▶ **EXERCISE**: After locating the line with "Lobby Alpenpalace Luxury" below, output it and each following line exactly, stopping after the line with "العجارمة يطالب بـ عطوة بين الشعب والحكومة". No pictures.

▶ **DATA EXTRACT**:
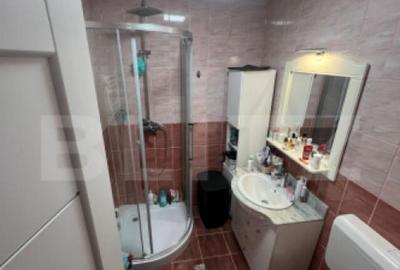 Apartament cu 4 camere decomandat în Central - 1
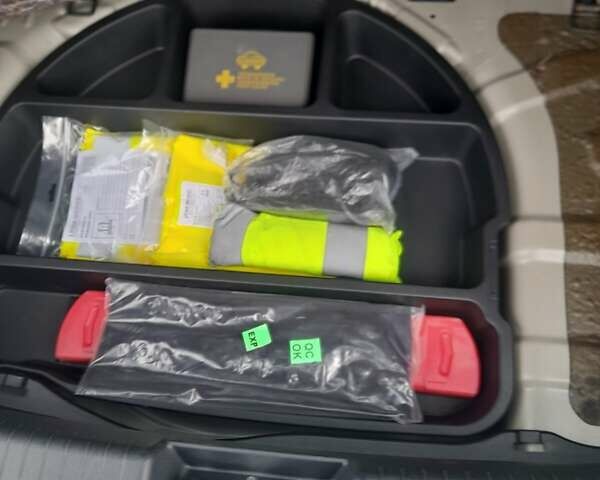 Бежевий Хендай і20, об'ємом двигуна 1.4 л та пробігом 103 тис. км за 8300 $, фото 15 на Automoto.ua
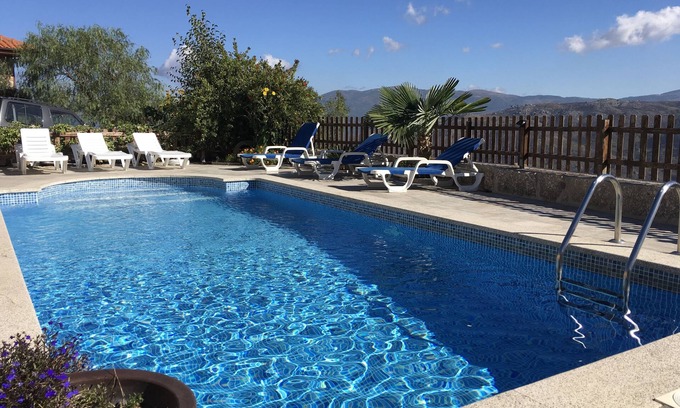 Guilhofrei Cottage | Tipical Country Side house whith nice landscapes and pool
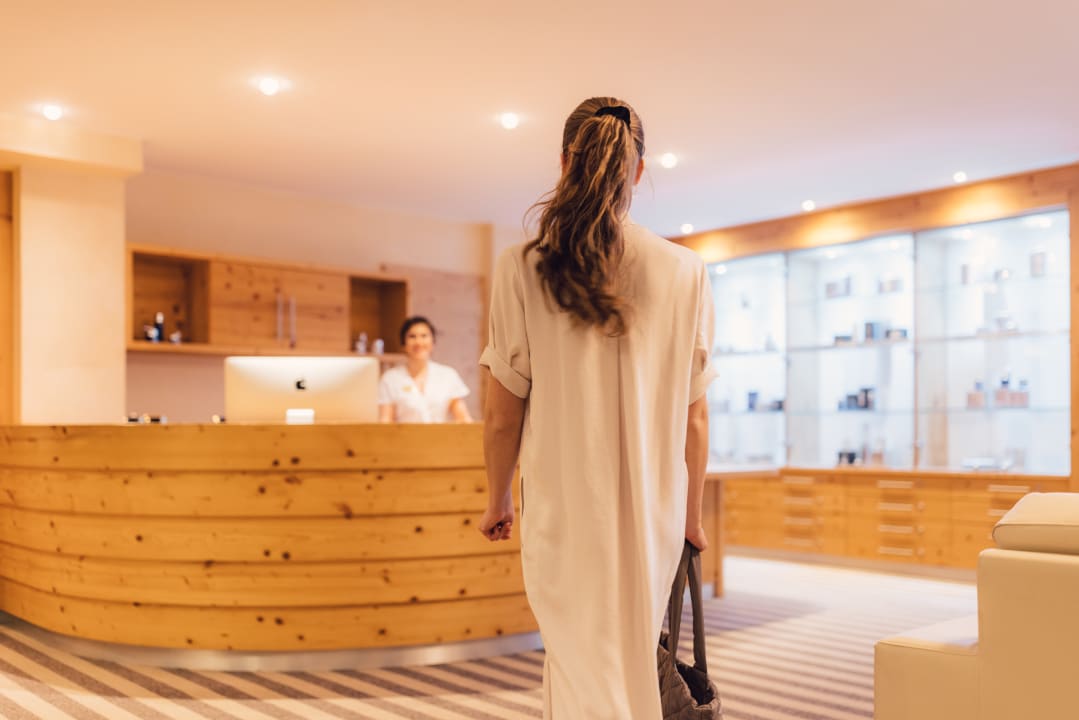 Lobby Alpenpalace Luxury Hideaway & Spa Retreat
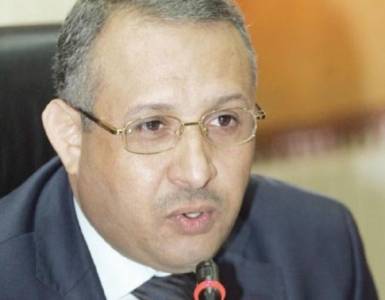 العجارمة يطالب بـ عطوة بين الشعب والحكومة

...

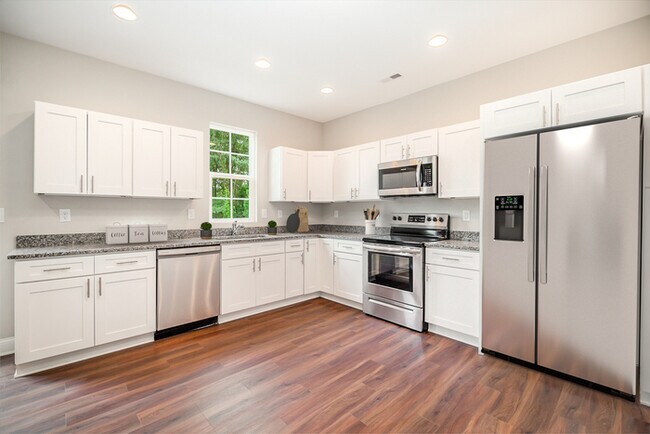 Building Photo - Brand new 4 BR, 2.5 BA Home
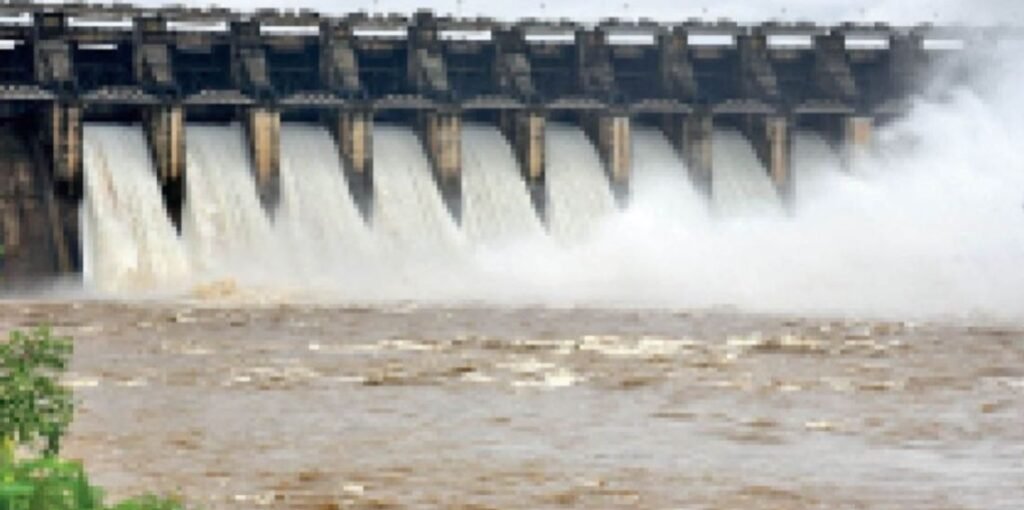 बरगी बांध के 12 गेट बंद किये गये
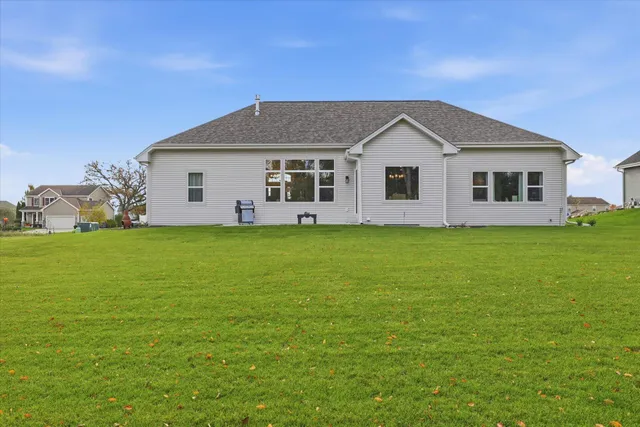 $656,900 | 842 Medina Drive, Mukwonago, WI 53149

▶ **ANSWER SPACE**:
 Lobby Alpenpalace Luxury Hideaway & Spa Retreat
 العجارمة يطالب بـ عطوة بين الشعب والحكومة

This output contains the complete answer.